Od 40 lat Brytyjczycy nie mieli tak dobrze przygotowanego kandydata na szefa rządu. May była ministrem transportu, kultury, ochrony środowiska, pracy, zabezpieczeń socjalnych, edukacji i przez ostatnich sześć lat – szefową MSW. Kierowała też Partią Konserwatywną.
– To pracoholiczka. Nie ma wielkiej wizji politycznej, jest pragmatyczna. Zanim rozpocznie formalne negocjacje rozwodowe z Brukselą, będzie chciała w kontaktach z przywódcami największych państw Unii ocenić, co jest możliwe. I potem podejmie decyzje – mówi „Rz" Malcolm Chalmers, wicedyrektor londyńskiego Royal United Services Institute (RUSI).
Pewne ręce
W normalnych okolicznościach May nie zostałaby premierem. W czasie referendum była przecież lojalna wobec Camerona, opowiadając się za pozostaniem kraju w Unii, choć naciskała na wyjście z europejskiej konwencji praw człowieka. Teraz pałeczkę powinni więc przejąć zwycięzcy głosowania, Boris Johnson czy Michael Gove. Jednak okazali się tak nieprzygotowani do wzięcia odpowiedzialności za losy kraju, a panika na rynkach narastała z taką siłą, że dla deputowanych torysów priorytetem musiało być oddanie zarówno kraju, jak i Partii Konserwatywnej, w pewne ręce.

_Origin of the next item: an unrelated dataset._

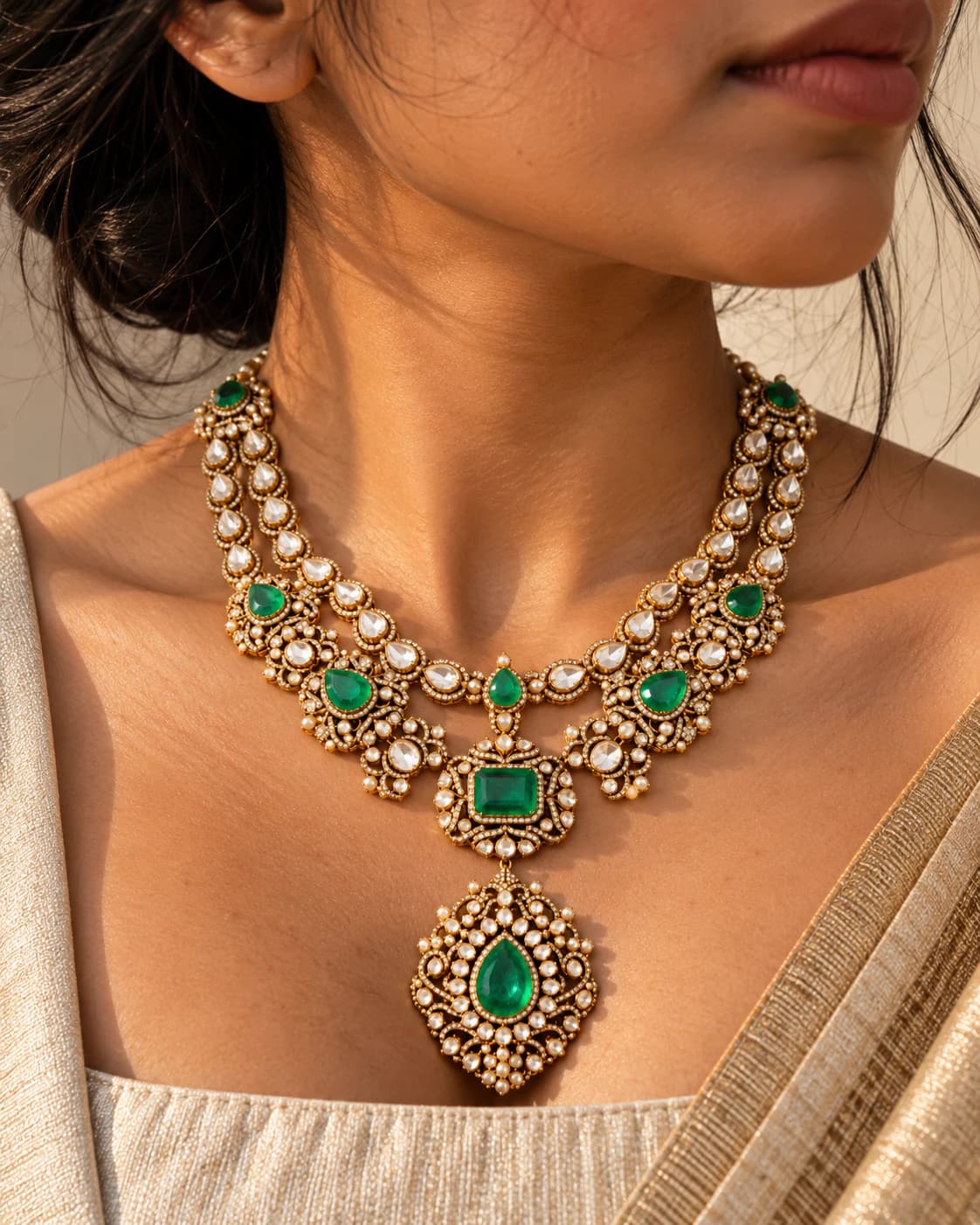 Emerald Multistrand Polki Necklace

– Nie przez przypadek właśnie teraz premierem zostaje kobieta. Szklany sufit męskiego świata mogła przebić tylko w czasach głębokiego kryzysu, gdy dotychczasowy establishment zawiódł – mówi Chalmers.
Już wcześniej pierwszą minister Szkocji ogłoszono Nicolę Sturgeon – po zwycięstwie idei Brexitu zwolenniczkę przeprowadzenia nowego referendum w sprawie niepodległości prowincji. Pojedynek obu pań zapowiada się emocjonująco, bo Sturgeon chce „zrobić wszystko, aby Szkocja pozostała w Zjednoczonej Europie".